This rush to invest also comes at the same time that more tech giants have unveiled plans to design their own chips, something that is probably not a coincidence.
While venture financing for US-based companies connected to the semiconductor industry broke its previous record in April, after Palo Alto, California-based hardware and embedded systems developer SambaNova Systems closed a Series D from $ 676 million at a valuation of more than $ 5 billion, global financing set new highs last month, according to data from Crunchbase.
In August, total risk dollars poured into sectors surpassed last year’s record of $ 3.4 billion. Semiconductor companies, which can range from chipmakers to design firms to hardware developers, have now raised more than $ 3.7 billion in 85 deals to date this year.
Both US and global investment took their biggest investment steps in the second quarter, with each having $ 1.1 billion and nearly $ 1.7 billion invested, respectively.
Not much of that may come as a surprise to those who follow the news. The current shortage of chips has bothered many industries, as more connected devices and emerging sectors such as robotics mean increased demand for chips. Add on top of that the current COVID-19 pandemic wreaking havoc on many supply chains.
There are also traditional industries that never needed chips before, but now, in a connected society, they need them just as much as a smartphone or laptop manufacturer. The auto industry provides a perfect illustration of that. Last week, consulting firm AlixPartners estimated that the shortage will cost the industry $ 210 billion globally in lost revenue this year, up from its estimate in May of $ 110 billion.

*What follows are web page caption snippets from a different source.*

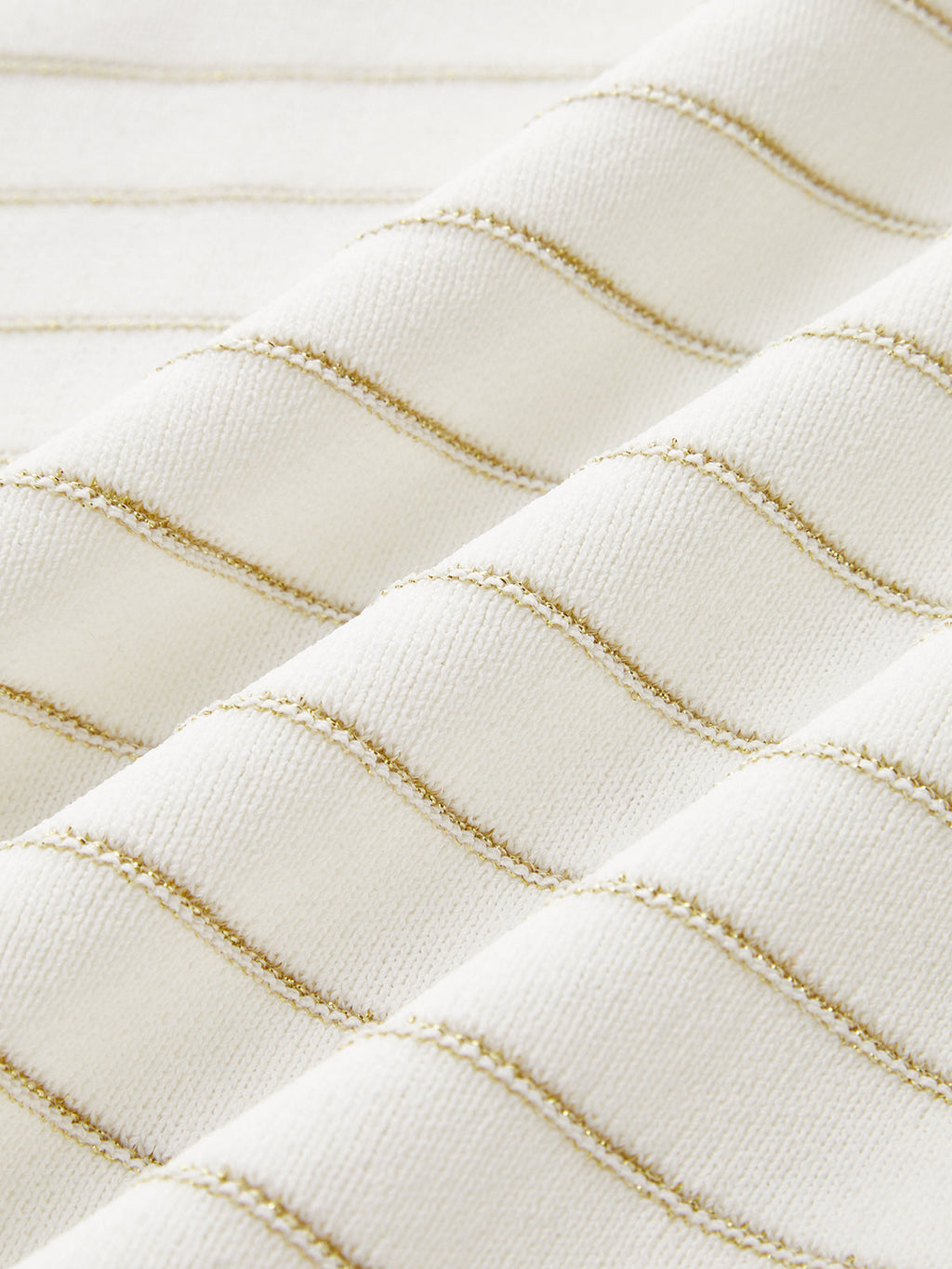 Off-Shoulder Wickelstrickoberteil mit Streifenmuster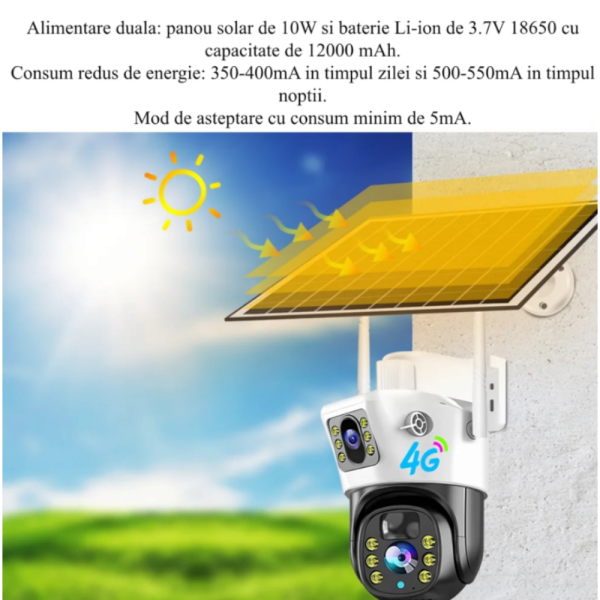 Camera de Supraveghere Multifunctionala cu Panou Solar 10W, 5MP, Zoom Digital 10X, Acumulator incorporat 12000 mAh, Micro SD, SIM Card, Conexiune 4G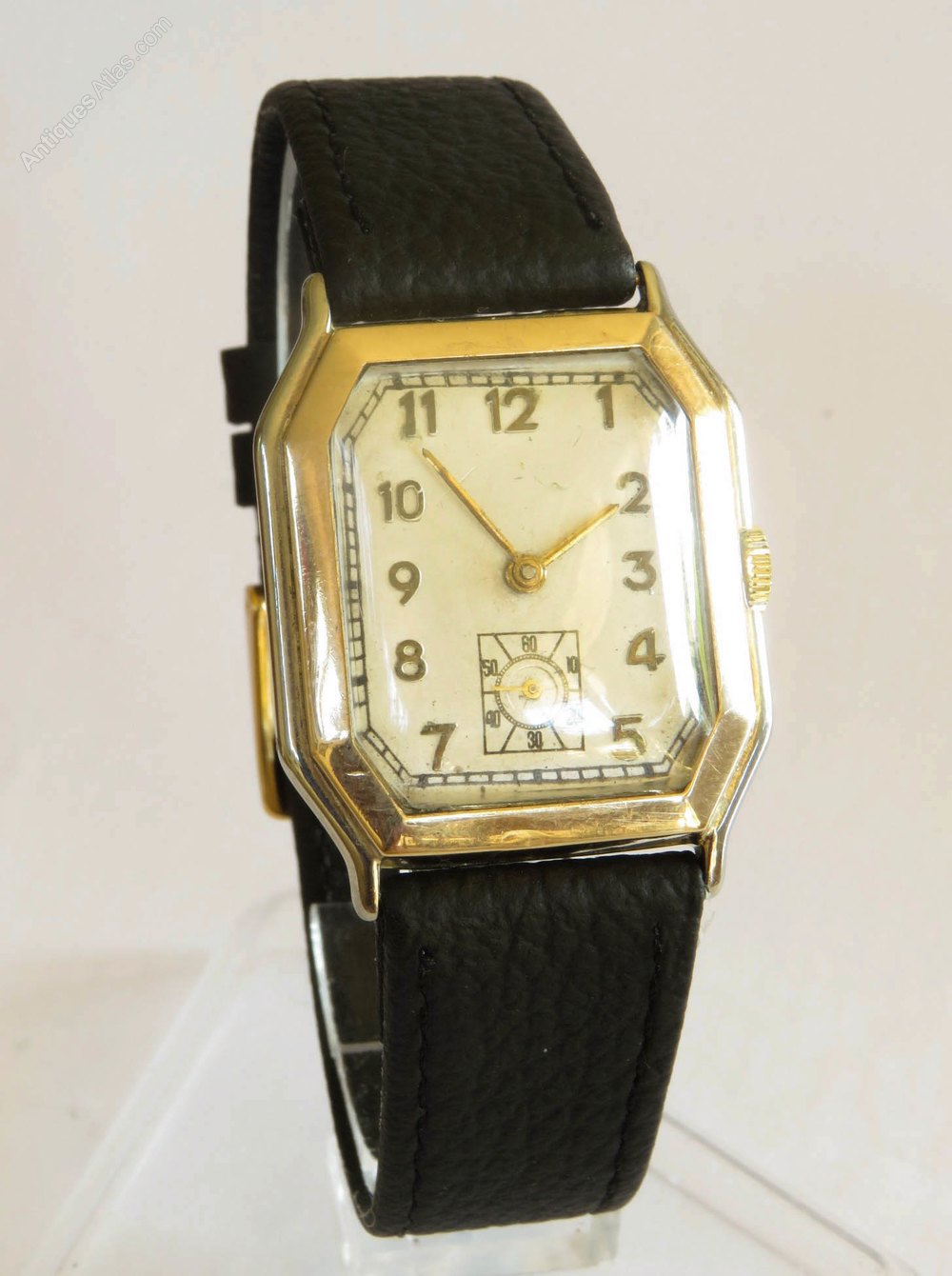 Antiques Atlas Gents 9ct Gold Art Deco Wrist Watch, 1930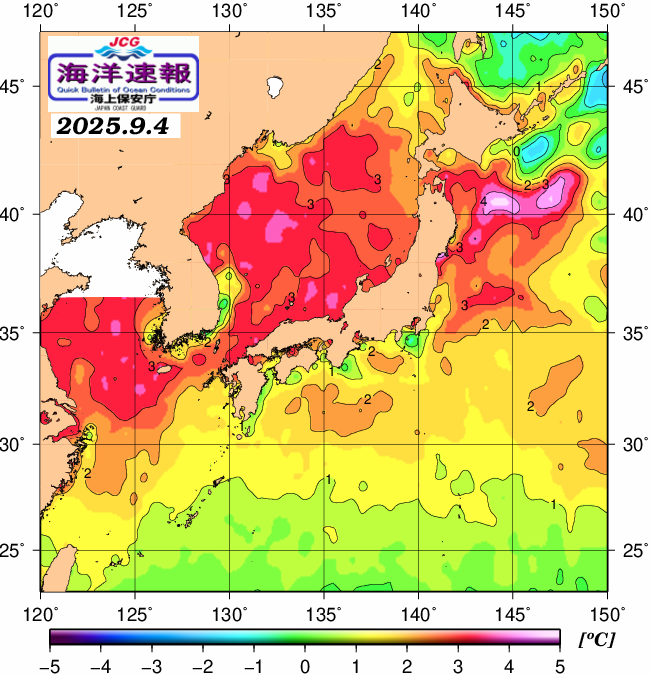 ９月４日の、海水表面温度（平年比）、 https://www1.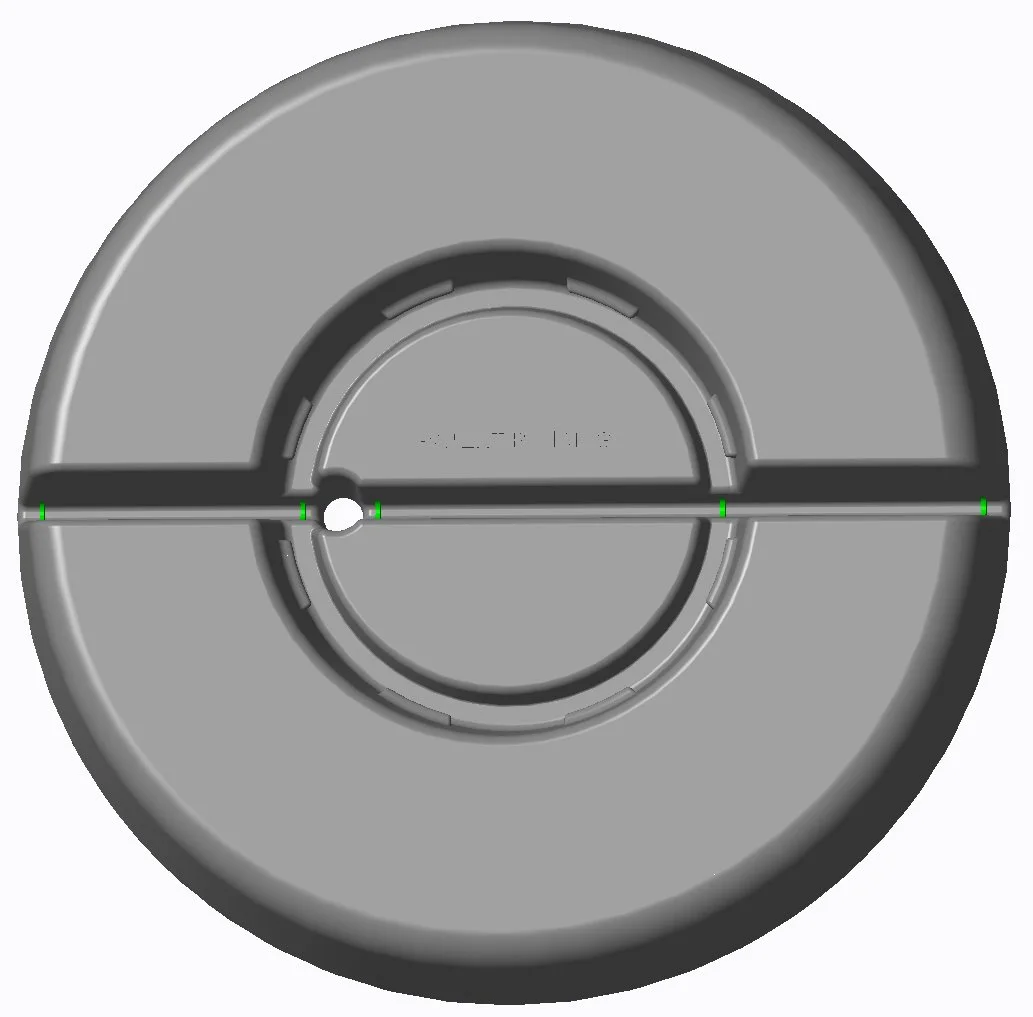 Patent Pending Eight-Point Snap Design Helps Secure Your Plate. Five Carefully Placed Anchor Joints (Shown in Green) Keep Your Plate from Bending or Breaking.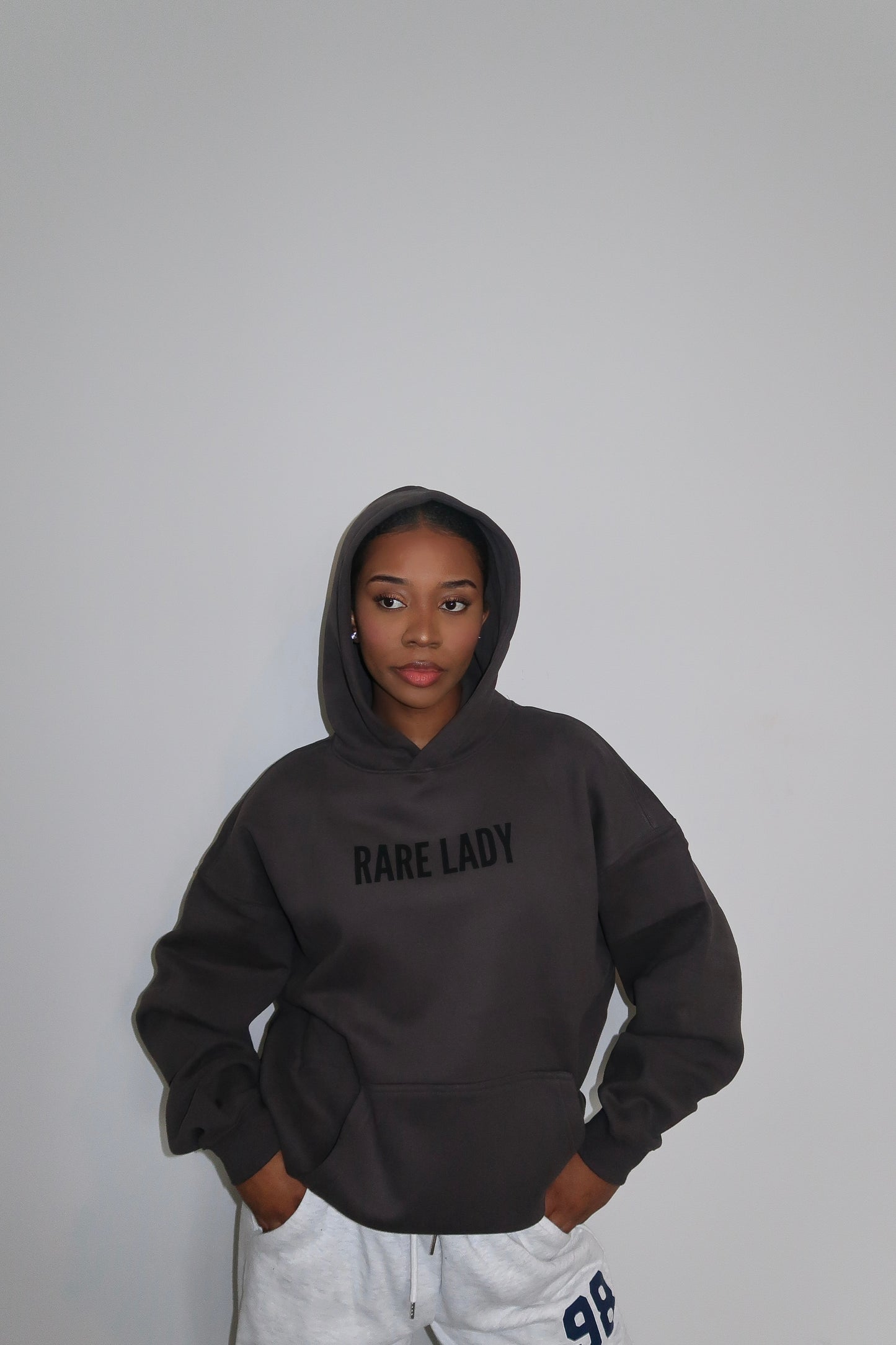 RARE LADY WOMEN'S HOODIE- DARK GREY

Concerns in that industry prompted the White House to hold a meeting last Thursday with major automakers, tech companies and chipmakers to discuss the situation.
Big Tech Looks at Chips
But that current investment also comes as the world’s largest tech companies have made headlines in recent months about designing their own chips. That started last year when Apple announced its new M1 chips for its devices.
Since that announcement, others have joined the party to design their own chips. In March, it was reported that Amazon is developing its own network chip. And last month, Tesla unveiled the chips it had designed on its Ai Day for its new high-speed computer, Dojo.
Just this month, reports surfaced that Google is getting closer to releasing its own processor for its smartphones and Chromebooks.
Not to mention other companies such as Facebook, which spoke of its interest in designing its own chips more than two years ago, and may be interested in its application for its highly sought-after virtual reality plans.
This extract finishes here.